Exercise instructions → Write out the data below in full, unchanged, minus the images.

Data section →
==================================================

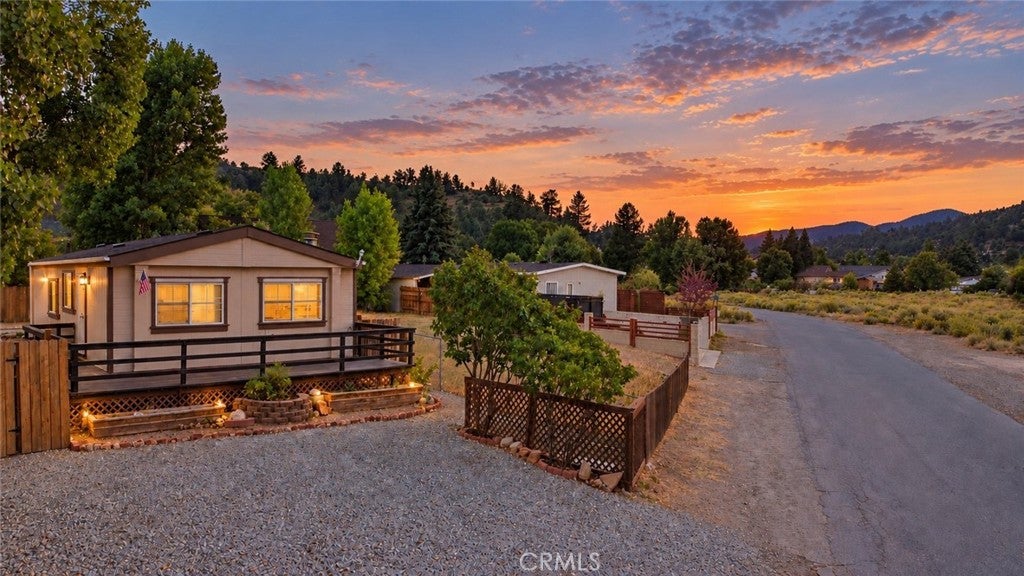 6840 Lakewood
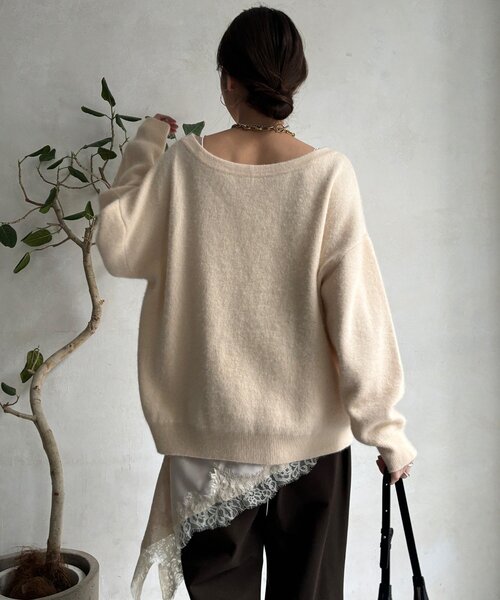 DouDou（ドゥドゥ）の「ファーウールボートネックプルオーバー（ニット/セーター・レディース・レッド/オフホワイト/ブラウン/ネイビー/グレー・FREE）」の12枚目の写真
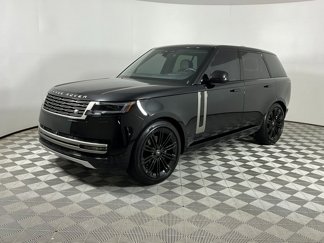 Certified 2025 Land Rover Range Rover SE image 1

==================================================

Answer →
 6840 Lakewood
 DouDou（ドゥドゥ）の「ファーウールボートネックプルオーバー（ニット/セーター・レディース・レッド/オフホワイト/ブラウン/ネイビー/グレー・FREE）」の12枚目の写真
 Certified 2025 Land Rover Range Rover SE image 1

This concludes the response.